Ryan cracked a smile as he flicked the turn signal and followed a sign to Honey Hollow, Virginia. “I think the best moments in life happen when we don’t plan them.”

“Says the man with the twelve-step plan.”

His answering chuckle was tired. “The Ford Method isn’t the whole picture, cupcake. It’s an outline. You have to color it in yourself. The twelve steps are what you make of them.”

We coasted into an old gas station that looked like it had been shined up to its former glory. Crisp red and white pumps sported rotary counters instead of digital screens. A vintage Coca-Cola sign hung proudly from the clean siding. The whole thing looked like an advertisement for nostalgia.

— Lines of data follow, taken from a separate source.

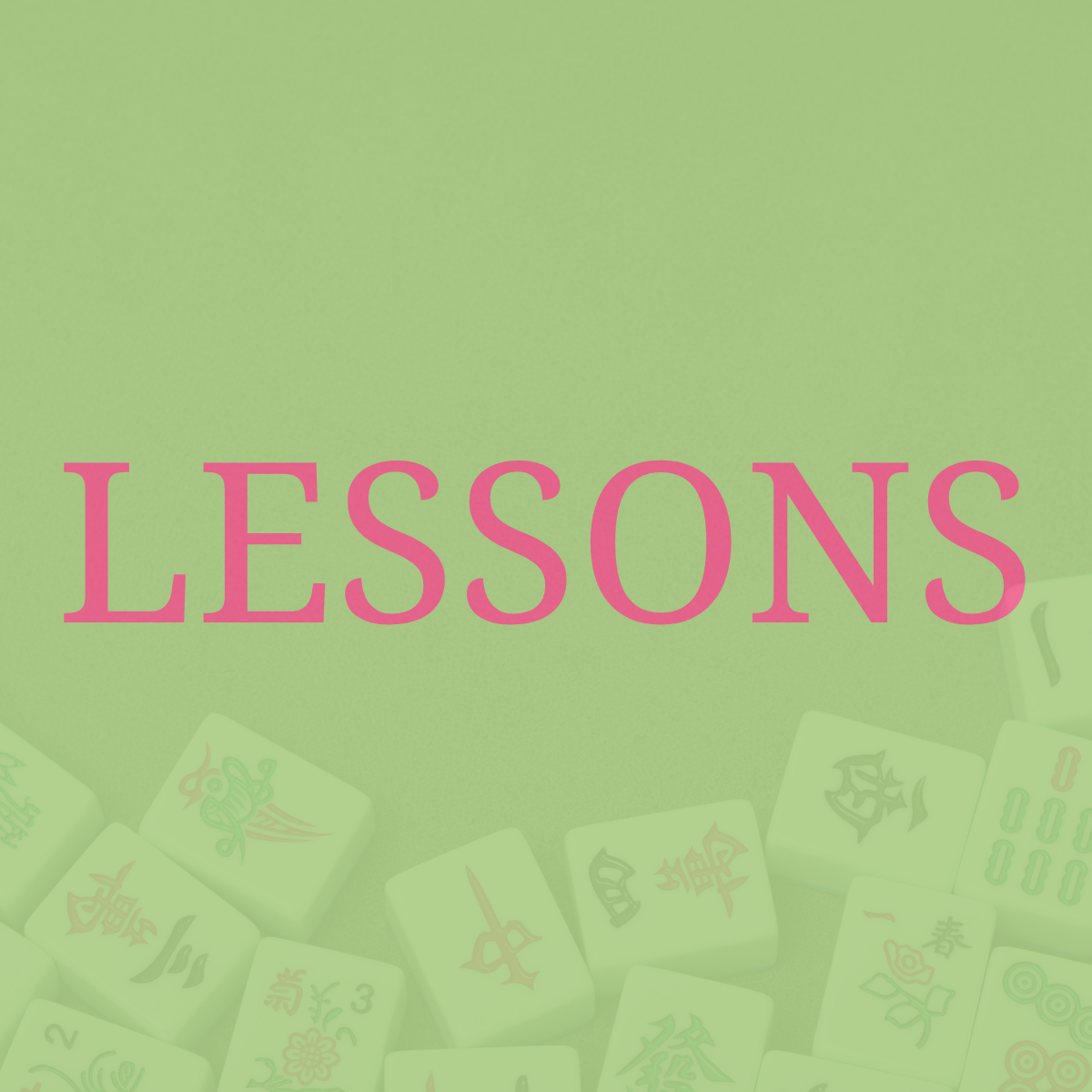 Lessons (Copy)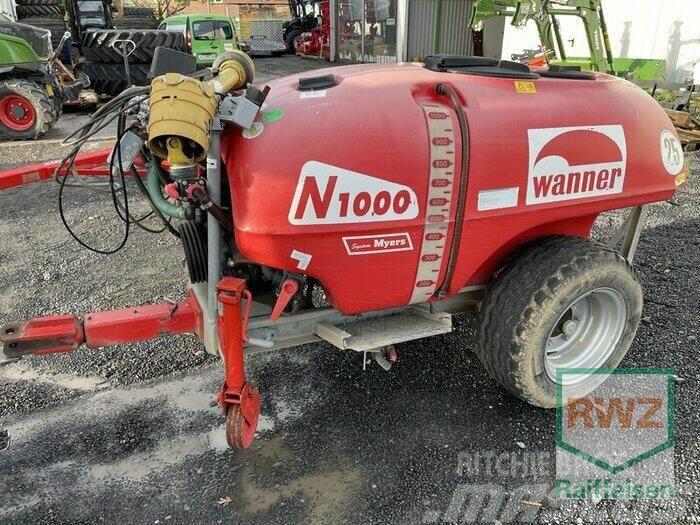 Wanner N1000 Ostali poljoprivredni strojevi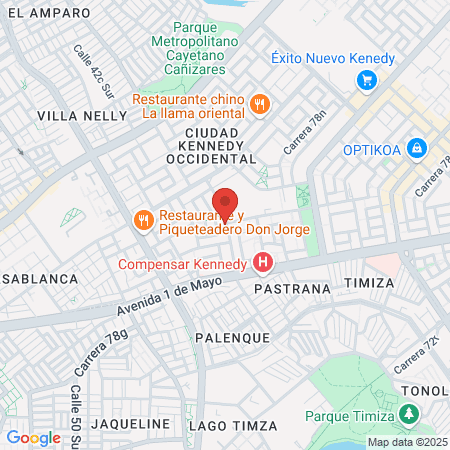 Favio Hernan Peluqueria map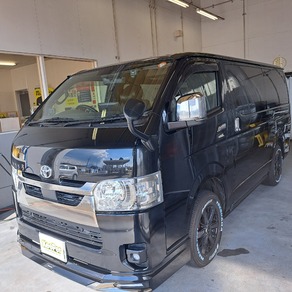 トヨタ・ハイエース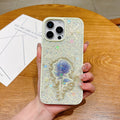 Colorful Rose Bling Studded Diamond Phone Case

While Ryan jogged inside to use the bathroom and pay for the gas with my card, I eased out of the car and stretched. The morning air was clean and refreshing. I rolled my neck, trying to get the kink out of it, but it was no use. Text messages from Whitney and Wander littered my phone.

In the chaos of getting Lisa’s call, arguing with Ryan about traveling together, then packing and leaving that night, I hadn’t told them that Shep was gone.

My finger hovered over the screen as I tried to find the words to tell them what happened. Two would have sufficed. Shep died. They wouldn’t need further explanation and would understand why I had gone silent.

But for all they knew, I was on my way to Michigan without Ryan instead of Kansas with him, by way of small-town Virginia.

Bells chimed as the door to the gas station opened and closed. Ryan looked devastatingly handsome in his gym shorts, sneakers, and t-shirt. His hair was disheveled from driving all night. It was unfair, really. No man should look that good after driving for hours.

“Need anything from inside?” he asked as he popped open the gas cap and shoved the pump in.

I watched the analogue gallon counter spin like a game show wheel. “I’m all right.”

Ryan opened the back door and rifled through his backpack, pulling out a little bottle of hand sanitizer, his contact case, and solution.

He sanitized his hands, then swapped his contacts for glasses.

I could see the redness in his eyes then.

Wearing them for nearly twenty-four hours must have been awful.

The glasses . . . did something to me. Something that I didn’t want to admit. They were hot. It was another layer to who he was.